# WR always opens to Eng-French, instead of Eng-Spanish



## Melita39

Hi,

WR always opens to English-French instead of the English-Spanish that I want.  Sure I can easily change it each time I use it, but that is several times a day.  How do I make it open to English-Spanish?  

Gracias,
Melita de Quebec


----------



## JamesM

Mine always opens to English Definition.  I believe it opens to what you used most recently.  I assume it uses cookies to store your last preference.

Do you have cookies turned off in your browser?  That might explain the behavior.

[edit]  Well, I just tested it and it always returns to English Definition for me, no matter what I have it set to when I close the window.  I wonder if it senses your language preference somehow.  I'm looking forward to hearing the answer to this question.


----------



## mkellogg

On the WR homepage?  It will follow your cookie if you have used the dictionary before (and so the cookie would be set to your last dictionary) and your country if not.  The default for Canada is probably French.

So, as James said, make sure that cookies are enabled!


----------



## JamesM

What about on the WordReference forum homepage, Mike?  It seems to revert back each time I visit WRF, but the WordReference home page remembers my setting.

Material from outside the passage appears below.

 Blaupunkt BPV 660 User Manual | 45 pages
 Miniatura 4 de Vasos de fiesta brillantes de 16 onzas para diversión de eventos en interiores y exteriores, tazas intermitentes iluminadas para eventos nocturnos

[edit] My mistake.  Was switching back and forth between browsers, one of which had cookies enabled and the other didn't.


----------



## Melita39

Oh, oh, now it's worse!  I went to cookies and specifically added Word Reference.  Then I closed all Word Reference pages, deleted it from my home page and from my favourites.  I very unfortunately had previously looked up my own name, Melita, in Greek, now now it opens in Greek.  It's all Greek to me!  Melita (honey bee in Greek)


----------



## JamesM

The dictionary is set to Greek?  Just set it to something else, close the browser and start it back up.  It should save the new setting.


----------



## Tunalagatta

If you open the English-Spanish page, then drag the Word Reference tab icon onto your browser's toolbar at the top, the icon will be saved there: it will always open on En-Sp when you click on it, plus it just makes WR really easy to access (I only use Firefox so I don't know how it works with other browsers).


----------



## Melita39

Hi Tunalagatta,  I have Windows XP with Explorer 8 (upgrading to Windows 7 in a few days), and don't seem to have the drag option that you have with Firefox.  However, the problem appears to be fixed now. I again set WR to Eng-Span, then deleted WR from my favorites bar, closed all windows, turned off the computer, cut off a chicken head, read some tea leaves, stuck a needle in a doll, reopened all, opened WR, added WR to favorites bar, and so far so good.   Thanks for all your suggestions. 

Melita


----------